Vital Theoretical Preliminaries

My animating assumption is that all of the skaters (between six and eleven, in total, usually) are working together both to generate shots for their team and to suppress the generation of shots by the other team. In principle, I consider all of the skaters equally able to affect both processes, in the long run, even if a given skater (for either team) might be only minimally involved with a given shot. All of play in all three zones leading up to and including the decision by a given player to shoot the puck, I understand to be the product of the (combined) ability of all of the skaters, and I call the goal likelihood of shots generated, at the moment the decision to shoot is taken, "expected goal probability", or xG for short. Then, in addition to the xG of the pattern to which a given shot conforms, the shooter themself can, in principle, affect the goal likelihood of the shot, by shooting the puck skilfully, or perhaps (as I might) by woefully butchering whatever chances they and their teammates (and opponents) have conspired to generate. This ability I call "finishing impact" or "shooting talent". Finally, a goaltender can, in principle, affect the goal likelihood of a shot after it is taken, by sneakily interposing their body between the puck and the goal, or, (again as I might do) contriving to fail to do so.

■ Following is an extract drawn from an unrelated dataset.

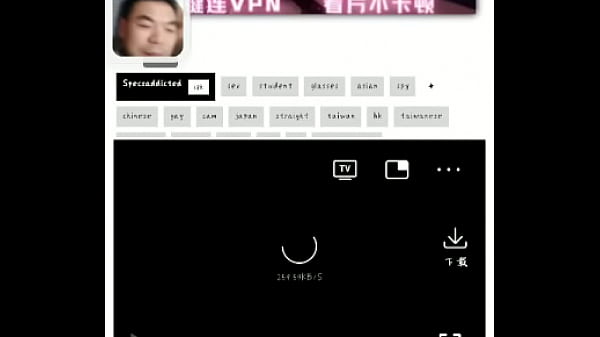 验证视频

This three-fold division---all of the skaters collectively produce the shot, the shooter shoots, and the goalie endeavours to save---is the animating idea behind the model I describe here. Even at this very basic level these choices have important consequences. For instance a player who is skilled at receiving passes in (relatively) less-dangerous shooting positions and skating untrammelled with the puck to more-dangerous locations will score more often for that reason, and that skill will appear in my accounting in their impact on xG (which will increase, since their team is taking more dangerous shots) and not in their finishing impact (which will presumably decrease, since they are shooting from locations where goals are easier to come by). Similarly, including goaltender effects only on shots already taken prevents us from making any estimate of goaltenders' impact on xG, conceded or generated, from, say, their tendency to handle the puck.

Throughout this article, when I say "shot" I will mean "unblocked shot", that is, goals, saves, and misses (including shots that hit the post or the crossbar).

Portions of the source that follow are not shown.